Exercise material:

---

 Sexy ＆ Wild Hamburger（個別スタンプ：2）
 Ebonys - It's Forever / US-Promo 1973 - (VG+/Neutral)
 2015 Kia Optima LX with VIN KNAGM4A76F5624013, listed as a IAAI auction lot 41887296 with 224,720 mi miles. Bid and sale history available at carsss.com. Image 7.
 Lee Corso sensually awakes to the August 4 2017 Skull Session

---

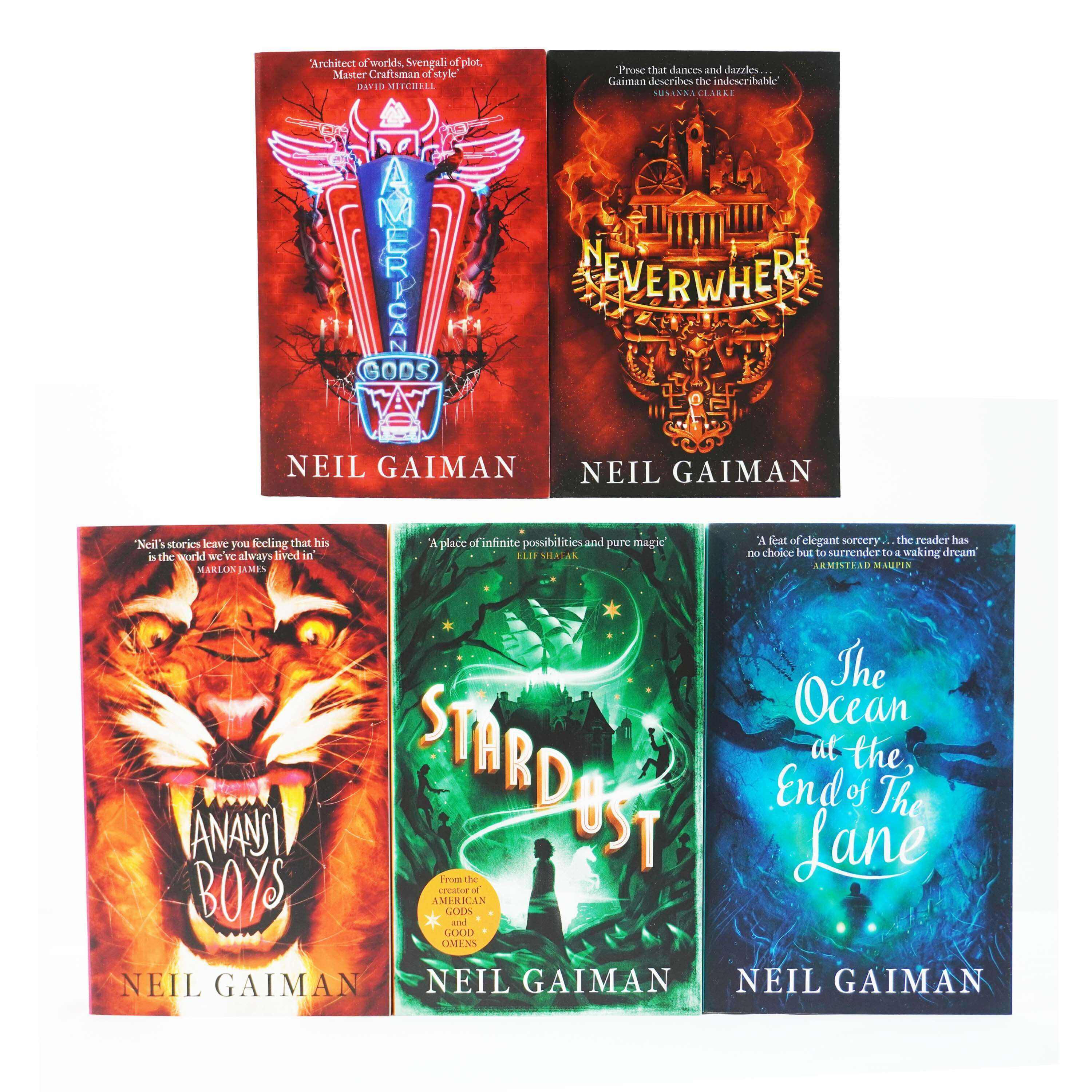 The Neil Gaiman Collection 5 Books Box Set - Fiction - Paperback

---

Work to complete: Transcribe each line of the data above, unaltered, from the one where "2015 Kia Optima" appears to the one where "Lee Corso sensually" appears, inclusive of both.

Exercise response:
 2015 Kia Optima LX with VIN KNAGM4A76F5624013, listed as a IAAI auction lot 41887296 with 224,720 mi miles. Bid and sale history available at carsss.com. Image 7.
 Lee Corso sensually awakes to the August 4 2017 Skull Session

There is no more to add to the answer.